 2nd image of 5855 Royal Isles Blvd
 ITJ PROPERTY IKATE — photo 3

* * * * *

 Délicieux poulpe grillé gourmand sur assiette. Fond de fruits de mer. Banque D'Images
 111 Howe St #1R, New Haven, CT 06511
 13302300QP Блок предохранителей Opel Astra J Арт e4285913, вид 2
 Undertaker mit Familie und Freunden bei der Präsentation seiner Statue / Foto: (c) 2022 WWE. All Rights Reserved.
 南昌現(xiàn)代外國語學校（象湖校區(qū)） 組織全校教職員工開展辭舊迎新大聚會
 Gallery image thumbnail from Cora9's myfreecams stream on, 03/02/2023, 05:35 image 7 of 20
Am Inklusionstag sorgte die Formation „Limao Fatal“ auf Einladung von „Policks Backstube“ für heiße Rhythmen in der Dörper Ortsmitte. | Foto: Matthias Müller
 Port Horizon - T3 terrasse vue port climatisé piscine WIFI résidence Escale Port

* * * * *

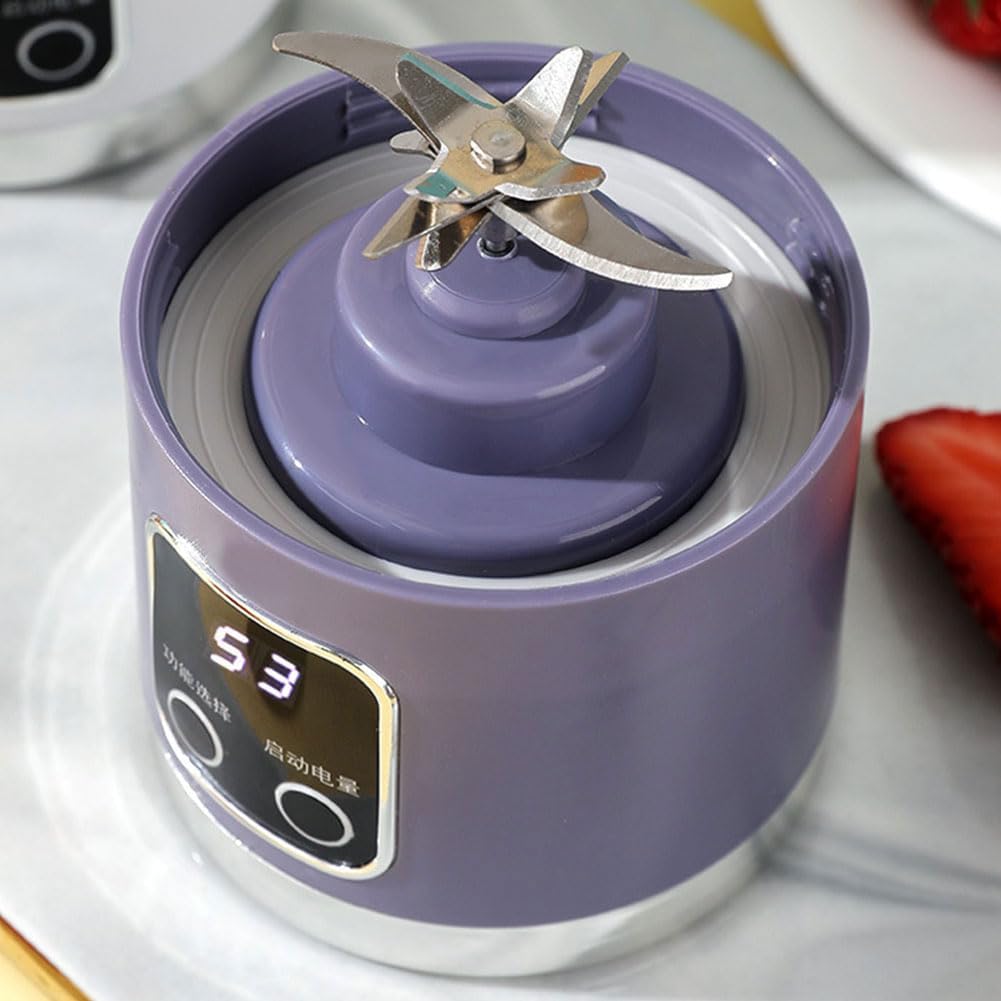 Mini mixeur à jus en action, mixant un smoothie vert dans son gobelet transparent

* * * * *

What the task asks:
Say how many lines of the listing above include the word "Foto", giving the number alone.

Response to this task:
2